Start of MATERIAL PROVIDED

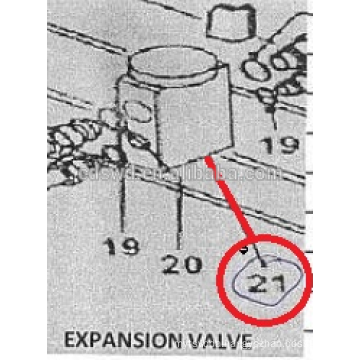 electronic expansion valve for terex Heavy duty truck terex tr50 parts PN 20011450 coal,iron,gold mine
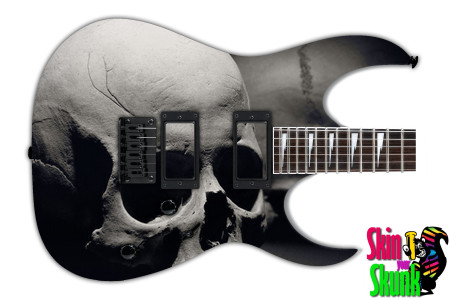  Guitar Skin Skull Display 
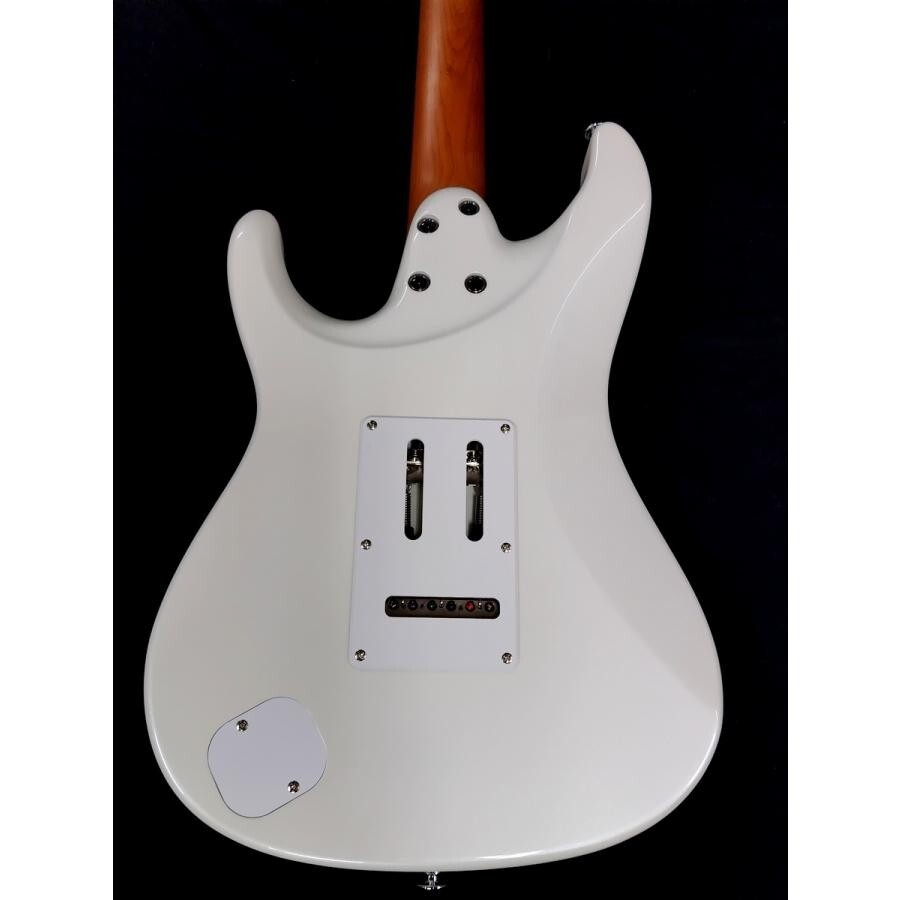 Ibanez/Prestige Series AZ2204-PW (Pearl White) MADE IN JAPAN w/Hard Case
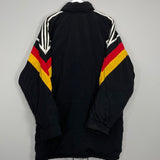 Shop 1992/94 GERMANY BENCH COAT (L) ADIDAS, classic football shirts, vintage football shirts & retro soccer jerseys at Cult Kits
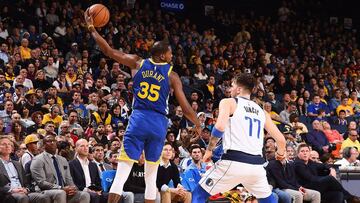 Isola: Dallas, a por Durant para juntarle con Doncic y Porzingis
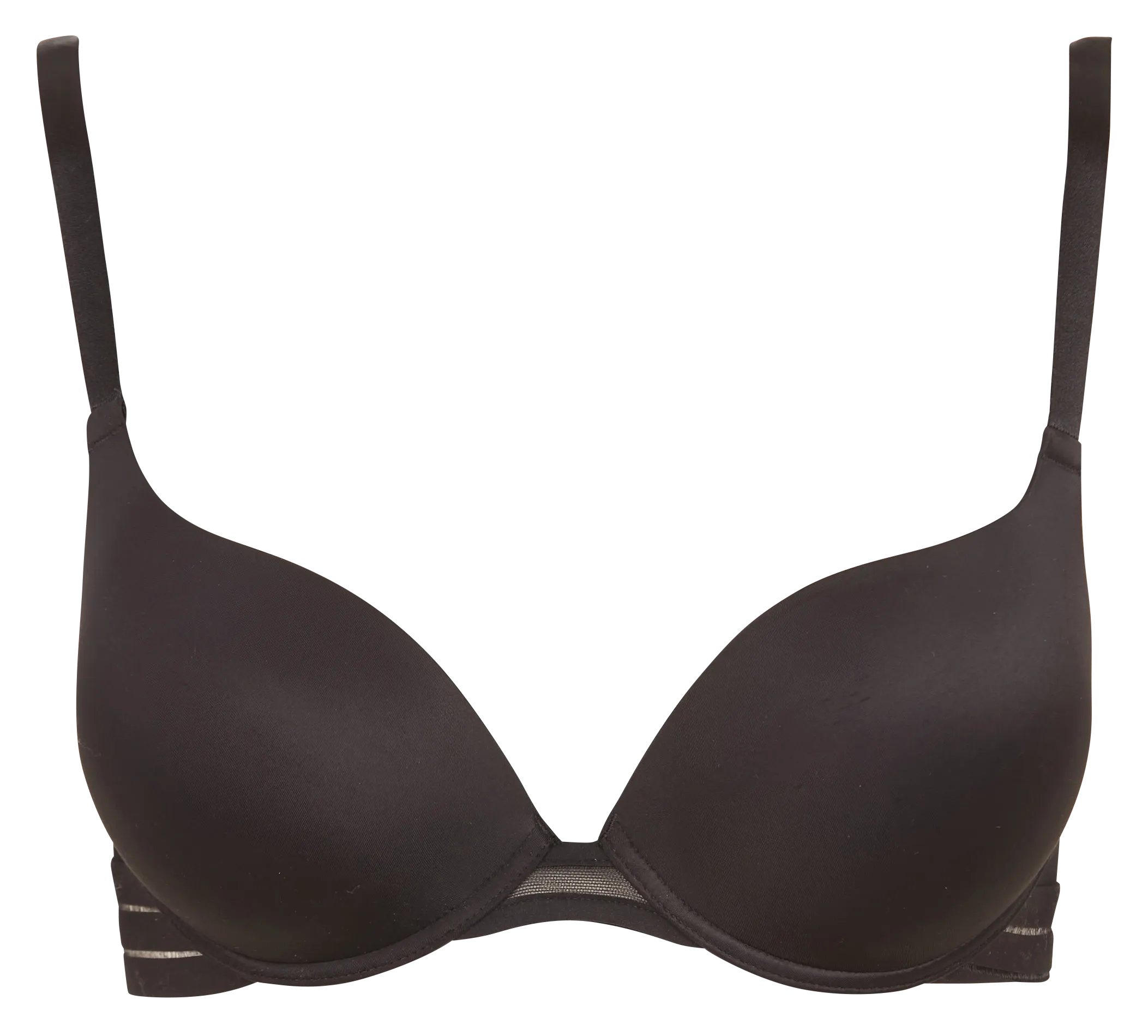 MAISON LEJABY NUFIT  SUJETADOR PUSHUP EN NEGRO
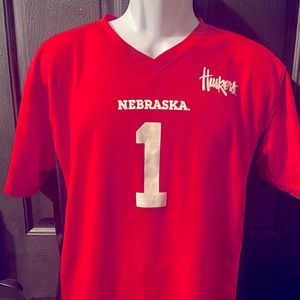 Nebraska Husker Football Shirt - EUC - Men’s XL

End of MATERIAL PROVIDED

_PROBLEM STATEMENT:_ Reproduce the entries above exactly. Do not include the images.

_FINAL ANSWER:_
 electronic expansion valve for terex Heavy duty truck terex tr50 parts PN 20011450 coal,iron,gold mine
  Guitar Skin Skull Display 
 Ibanez/Prestige Series AZ2204-PW (Pearl White) MADE IN JAPAN w/Hard Case
 Shop 1992/94 GERMANY BENCH COAT (L) ADIDAS, classic football shirts, vintage football shirts & retro soccer jerseys at Cult Kits
 Isola: Dallas, a por Durant para juntarle con Doncic y Porzingis
 MAISON LEJABY NUFIT  SUJETADOR PUSHUP EN NEGRO
 Nebraska Husker Football Shirt - EUC - Men’s XL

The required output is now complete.